La terza edizione di Regina di Puglia si conferma modello di promozione integrata tra filiera ortofrutticola e turismo esperienziale: dal cuore produttivo del Sud-Est barese nasce l’uvaturismo e il progetto di un consorzio pubblico-privato per dare continuità alla manifestazione
Agricoltura e territorio: la strategia vincente di Noicàttaro consolida la sua posizione di riferimento come centro propulsore dell’uva da tavola pugliese, simbolo agricolo ed economico di una regione che detiene il primato nazionale ed europeo nella sua produzione.

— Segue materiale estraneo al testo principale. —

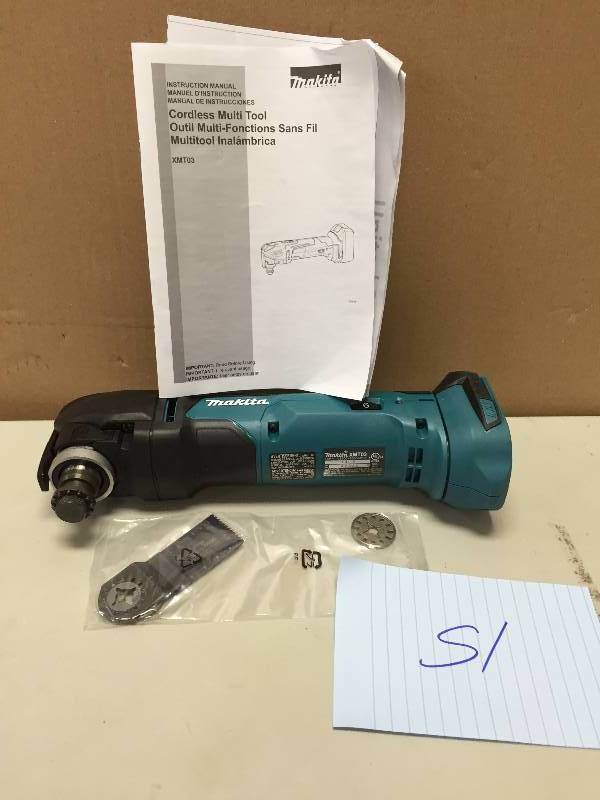 lot 51 image: Makita XMT03Z 18V Volt LXT Cordless Oscillating Multi-Tool Never used Stock and actual photos used to display item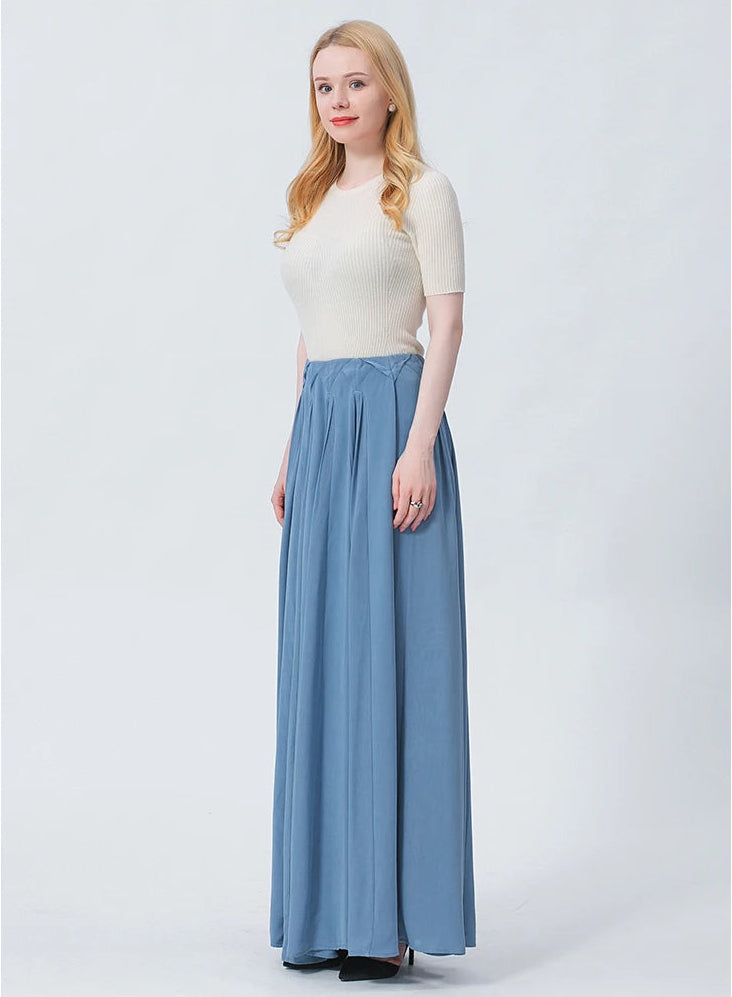 Full-height studio shot of a model turned slightly to the side, showcasing the majestic drape and fluid, aqueous movement of the gathered arched inset panels in premium blue silk. — From Borcelleclothes.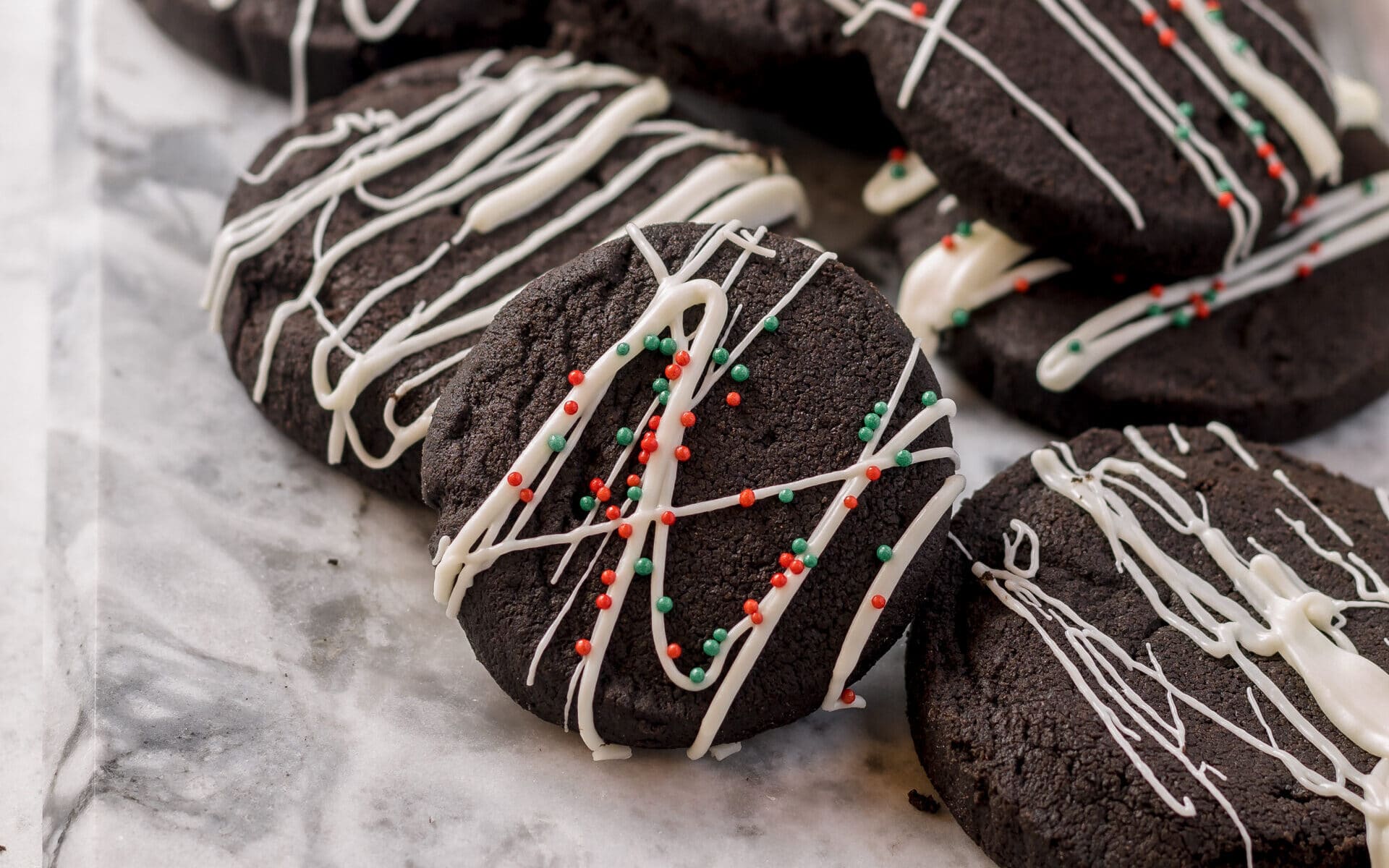 chocolate short bread cookies on a platter decorated with white chocolate drizzle and sprinkles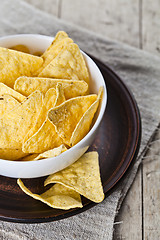 Image showing Mexican nachos chips in white bowl on brown ceramic plate closeu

Un piccolo paese guidato da una giovane e attiva giunta comunale che ha saputo valorizzare un’eccellenza del comparto ortofrutticolo, diventando altresì il promotore di un progetto strategico a lungo termine, dove convergere promozione agricola, relazioni commerciali, innovazione varietale e identità territoriale.
È in questo contesto che si inserisce Regina di Puglia 2025, svoltasi dal 20 al 23 luglio e giunta alla terza edizione: un evento ideato dal Comune di Noicàttaro, in collaborazione con Omnibus Comunicazione, e sostenuto da Regione Puglia, Camera di Commercio di Bari, APEO, Megamark e altri partner privati come Carby Label, Ecologistic, Grape Evolution e DCS Tramaco.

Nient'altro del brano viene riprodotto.